Start of Given records

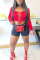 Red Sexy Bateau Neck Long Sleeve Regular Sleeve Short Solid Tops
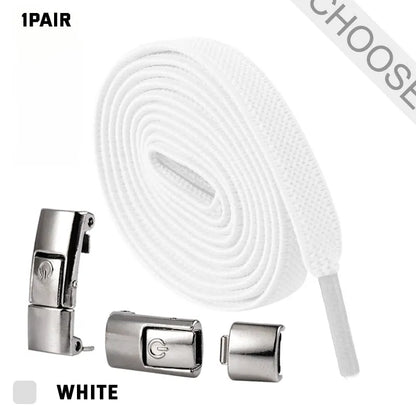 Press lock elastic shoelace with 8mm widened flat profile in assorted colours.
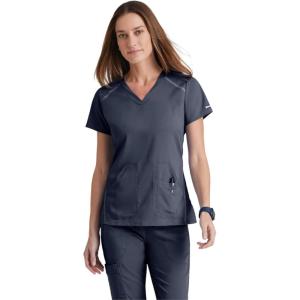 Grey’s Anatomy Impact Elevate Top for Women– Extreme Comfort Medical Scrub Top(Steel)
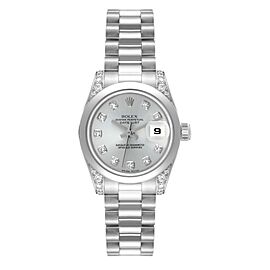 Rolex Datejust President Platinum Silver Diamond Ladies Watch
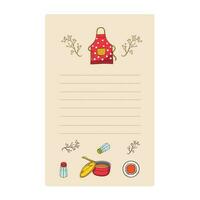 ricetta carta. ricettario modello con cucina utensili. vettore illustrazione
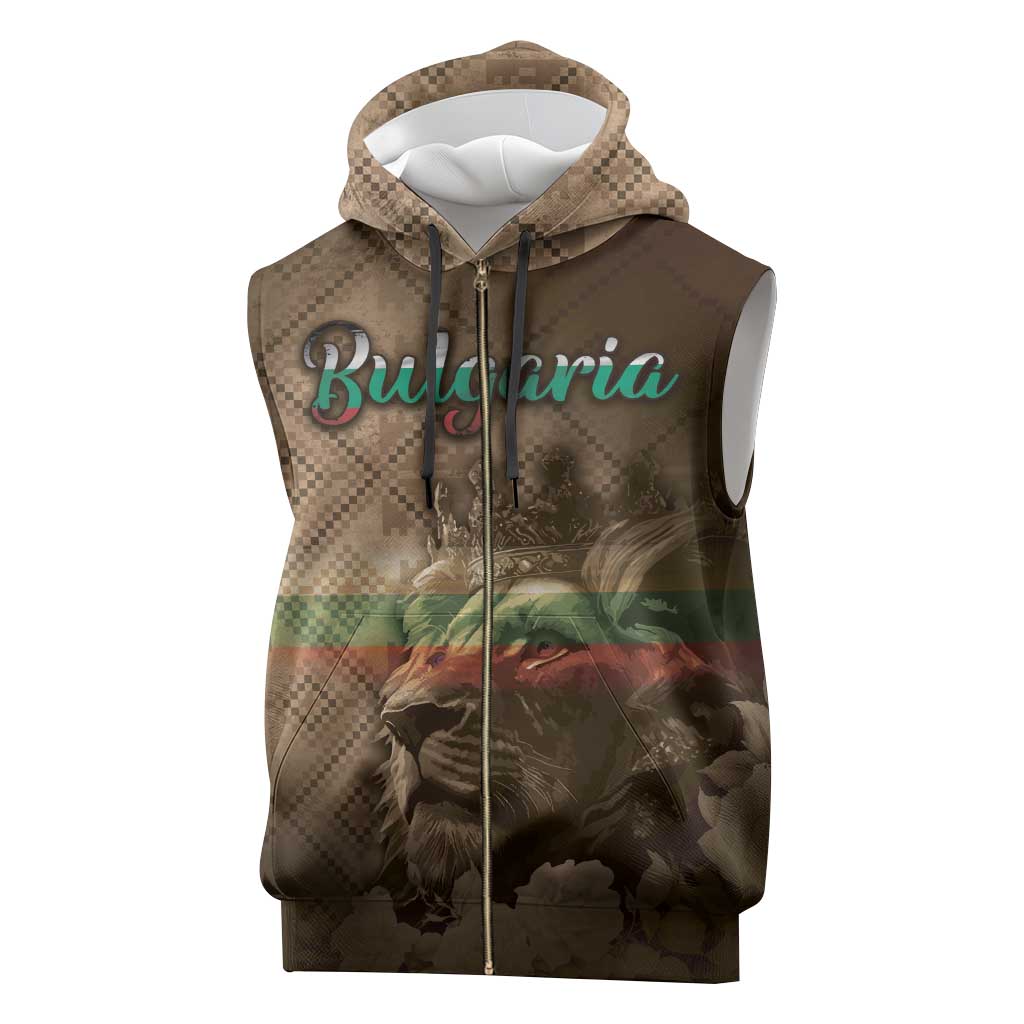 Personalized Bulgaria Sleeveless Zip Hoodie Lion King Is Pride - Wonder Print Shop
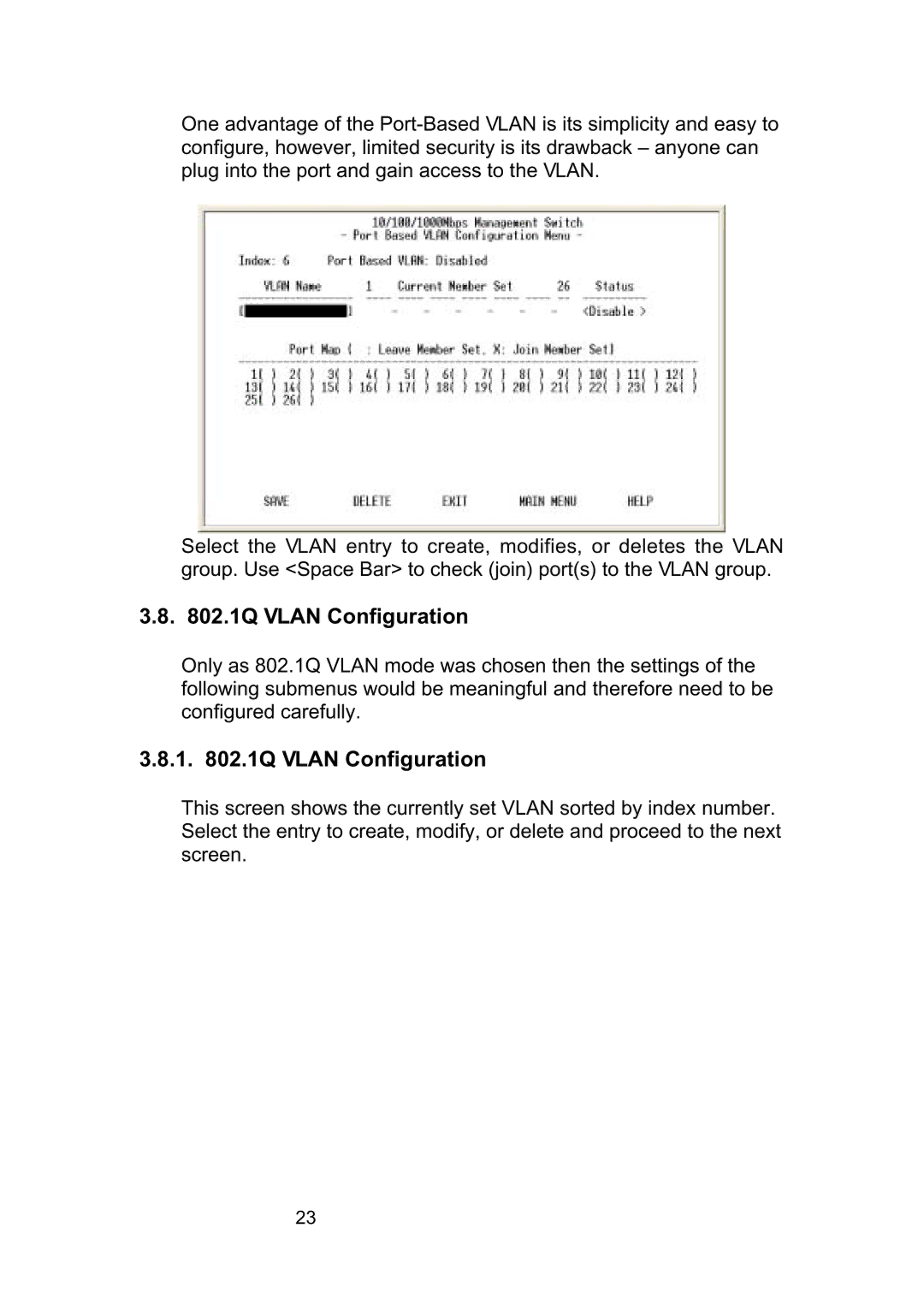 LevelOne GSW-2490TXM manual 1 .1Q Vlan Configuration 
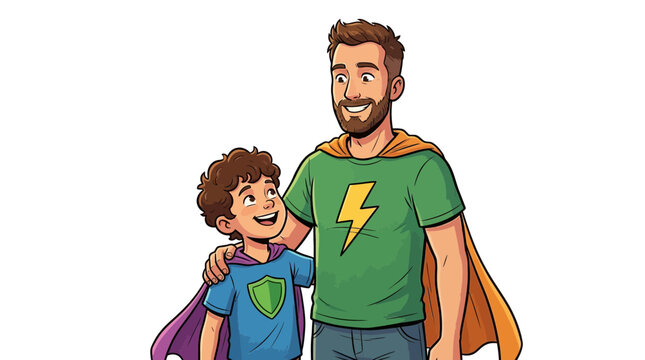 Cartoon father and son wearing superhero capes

End of Given records

The lines to be transcribed are those from the first line of the data above through the line holding "Rolex Datejust President", inclusive; copy them exactly and only, leaving out the pictures.

 Red Sexy Bateau Neck Long Sleeve Regular Sleeve Short Solid Tops
 Press lock elastic shoelace with 8mm widened flat profile in assorted colours.
 Grey’s Anatomy Impact Elevate Top for Women– Extreme Comfort Medical Scrub Top(Steel)
 Rolex Datejust President Platinum Silver Diamond Ladies Watch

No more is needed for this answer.